## WHAT TO WORK ON
Set down, word for word, only the lines from the start of the records through the line bearing "Obraz na płótnie"; include no pictures.

Source data
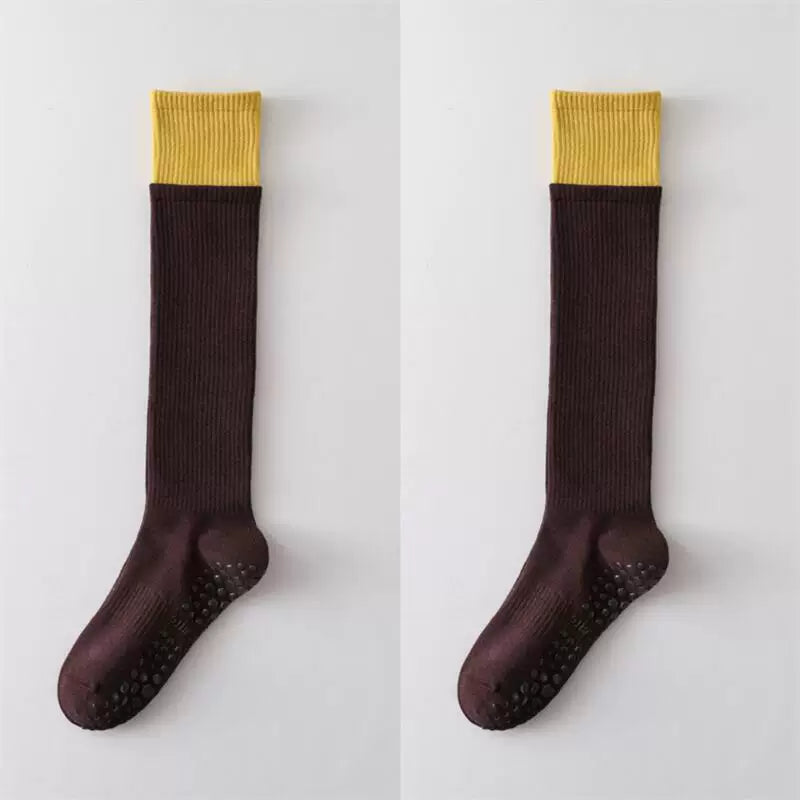 Findszx | Long Calf Yoga Socks with Double-Cuff Design, Indoor Activity & Pilates Wear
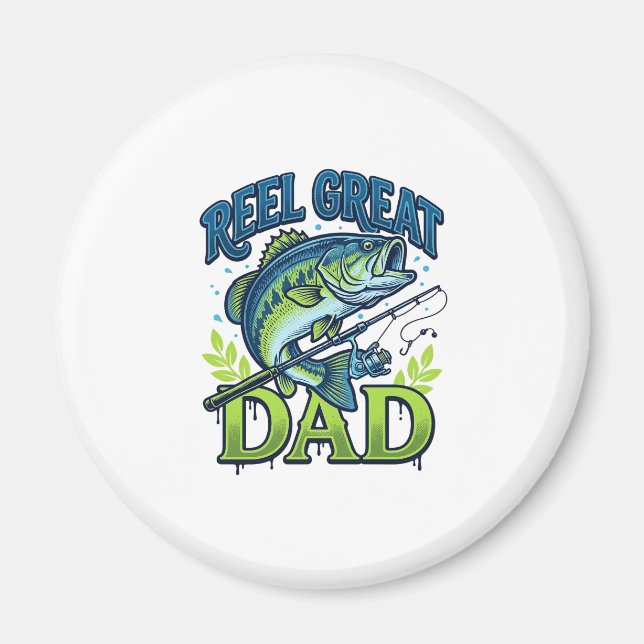 Imã Ótimo Design Vetorial de Pesca de Robalo para Pai_ (Frente)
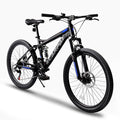 Ecarpat 24/26/27.5 Inch Mountain Bike, Full/Front Suspension Mens Boys Mountain Bike with 21 Speed Steel Frame and Dual Disc Brakes, Adult Sport Bicycle for Trail City Road, Gift Choice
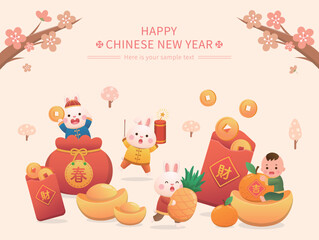 Obraz na płótnie Canvas Poster for Chinese New Year, cute rabbit character or mascot, red paper bag or coin or gold ingot, new year elements, Chinese translation: spring and money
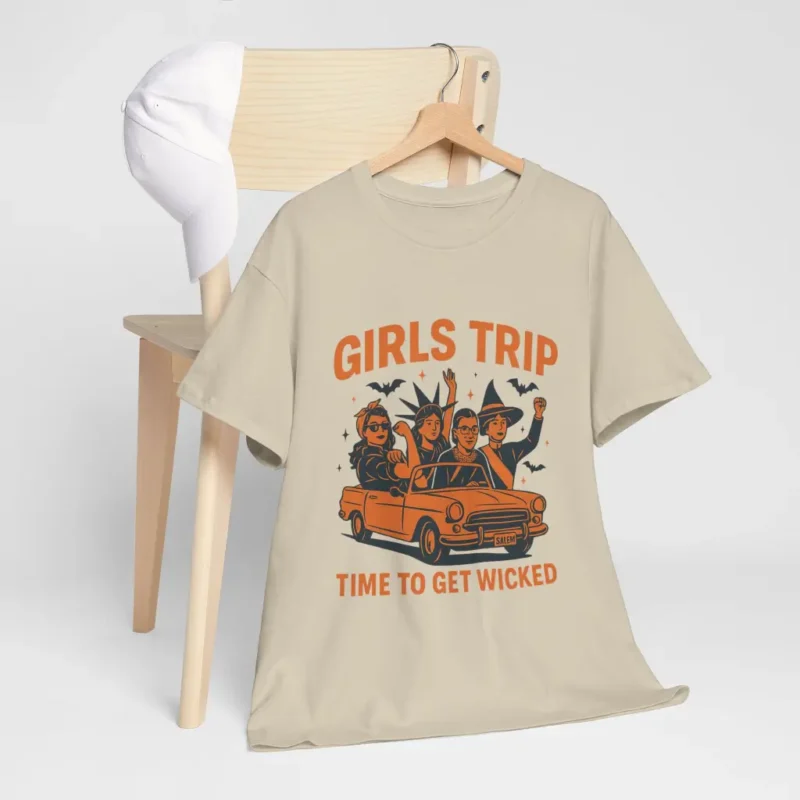Girls Trip Time to Get Wicked T-Shirt – Funny Feminist Halloween Salem Witch Tee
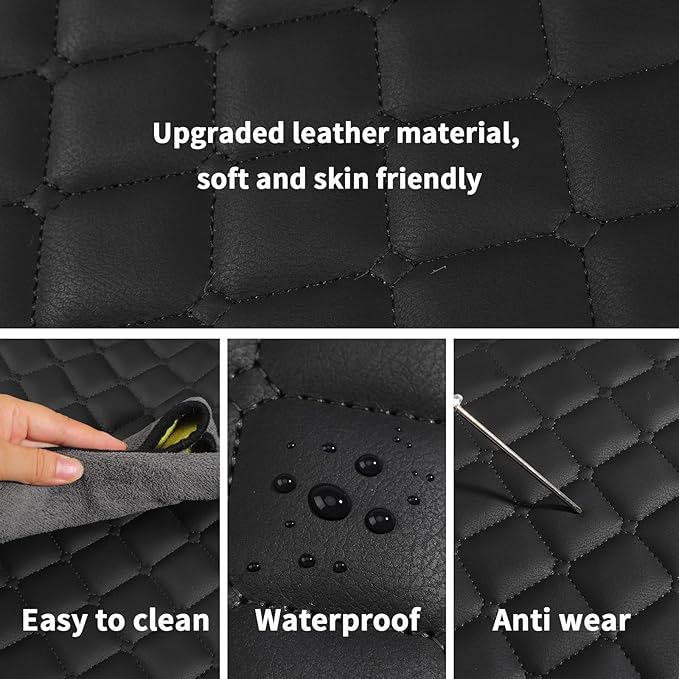 2pcs Car Seat Covers for Upgrade Leather,Car Seat Protector Water Proof Material,No Slip Soft,Side Wrapping,Bottom Seat Covers Universal for Most Automotive,Vans,Trucks,Suvs (Black)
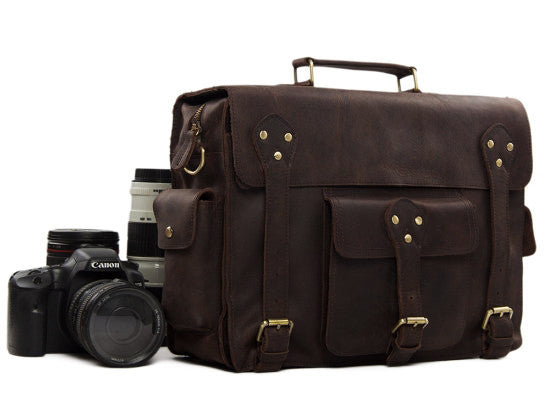 Business & Travel Large Solid Dark Brown Full Grain Leather Messenger Bag in Brass & Iron Details perspective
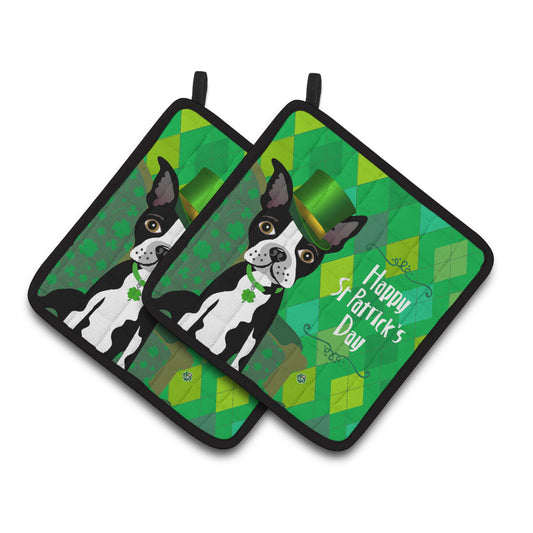 Carolines Treasures VHA3006PTHD St Patricks Day Boston Terrier Pair of Pot Holders, 7.5HX7.5W, multicolor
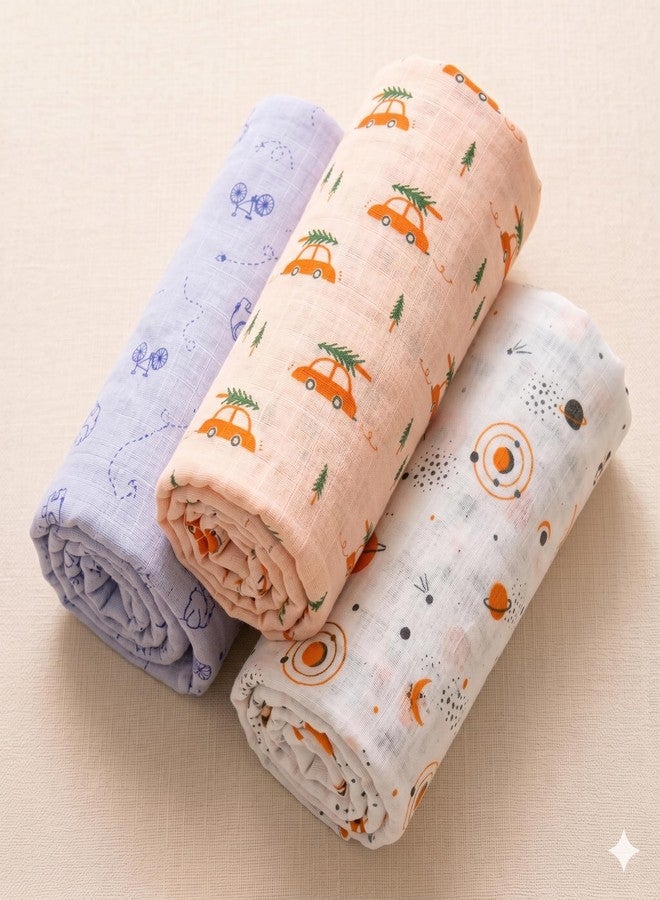 NEW COMERS® Cotton Muslin Baby Swaddle Set, Multicolor Printed Muslin Swaddle Wrap for New Born Baby, Soft Pure Cotton Sheet Baby Wrap Set, Baby Product (Swaddle_07) - Image 1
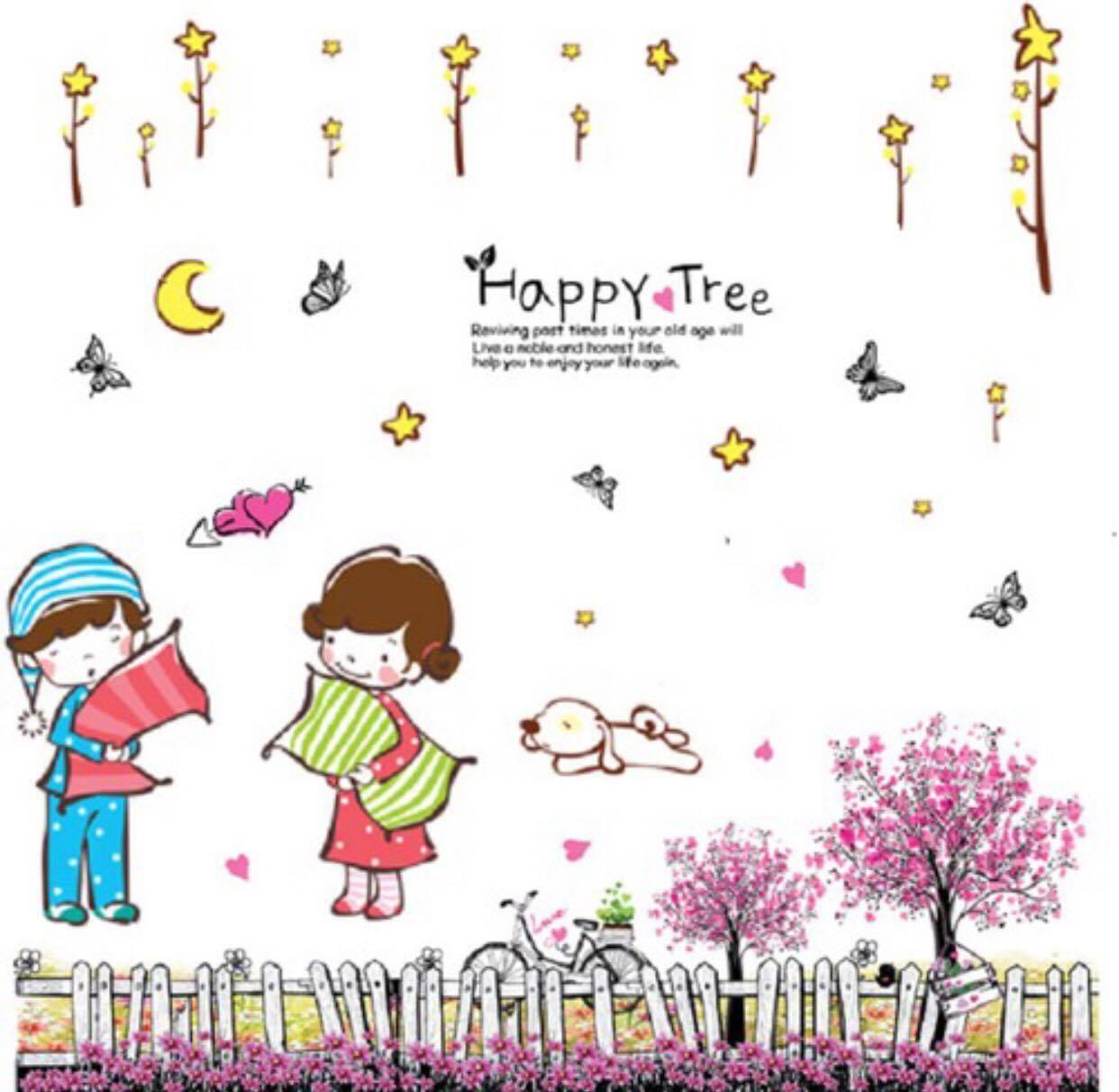 combo 2 bức decal dán tường  chân tường tím và ôm gối chúc ngủ ngon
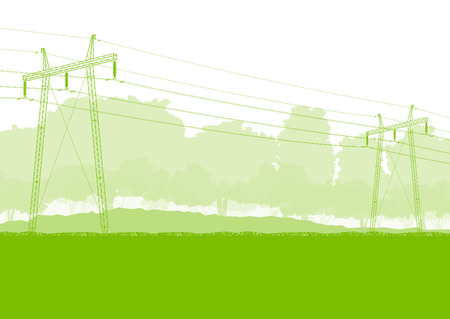 High voltage power transmission tower line green ecology energy conceptのイラスト素材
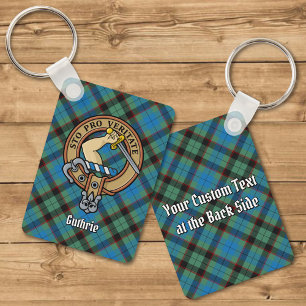 Clan Guthrie Crest over Tartan Sleutelhanger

## ANSWER SPACE
 Findszx | Long Calf Yoga Socks with Double-Cuff Design, Indoor Activity & Pilates Wear
 Imã Ótimo Design Vetorial de Pesca de Robalo para Pai_ (Frente)
 Ecarpat 24/26/27.5 Inch Mountain Bike, Full/Front Suspension Mens Boys Mountain Bike with 21 Speed Steel Frame and Dual Disc Brakes, Adult Sport Bicycle for Trail City Road, Gift Choice
 Obraz na płótnie Canvas Poster for Chinese New Year, cute rabbit character or mascot, red paper bag or coin or gold ingot, new year elements, Chinese translation: spring and money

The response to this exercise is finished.